Ubuntu – How to find a string of multiple line in shell script

command linescriptstext processing

I want to find the string

Time series prediction with ensemble models

in a pdf fle using shell script.I am using pdftotext "$file" - | grep "$string".where $file is the pdf file name and $string is the above string.It can find out the line if the entire string contains in a line.but it can't find out line like:

Time series prediction with 
ensemble models

how can I resolve it.I am new to linux. so explanation in detail is appreciated.thanks in advance.

Best Answer

One possible way might be to replace grep by pcregrep (available from the 'universe' repository), which supports multiline matches, and then instead of searching for the literal string

Time series prediction with ensemble models

search instead for the perl compatible regular expression (PCRE)

Time\s+series\s+prediction\s+with\s+ensemble\s+models

where \s+ stands for one or more whitespace characters (including newlines).
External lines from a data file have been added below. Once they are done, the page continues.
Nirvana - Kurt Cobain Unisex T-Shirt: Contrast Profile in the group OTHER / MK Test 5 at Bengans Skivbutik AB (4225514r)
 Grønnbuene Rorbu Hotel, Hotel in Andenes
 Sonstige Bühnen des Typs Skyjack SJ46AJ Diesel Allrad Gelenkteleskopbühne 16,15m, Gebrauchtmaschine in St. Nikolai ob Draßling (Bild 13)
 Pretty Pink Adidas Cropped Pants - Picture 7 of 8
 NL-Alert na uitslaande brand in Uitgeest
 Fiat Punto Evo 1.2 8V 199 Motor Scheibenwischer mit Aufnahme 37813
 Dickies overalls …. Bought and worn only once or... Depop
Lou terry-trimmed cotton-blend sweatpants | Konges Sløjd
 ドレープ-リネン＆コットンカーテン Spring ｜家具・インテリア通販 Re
Using the bash shell's built-in string substitution capabilities to perform the latter step

pdftotext "$file" - | pcregrep -M "${string// /\\s+}"

If you can't use pcregrep then you might be able to get the output you want using plain grep with the -z switch: this tells grep to consider the input "lines" to be delimited by NUL characters rather than newlines - in this case, effectively making it treat the whole input as a single line. So for example if you only want to print the matches (without context)

pdftotext "$file" - | grep -zPo "${string// /\\s+}"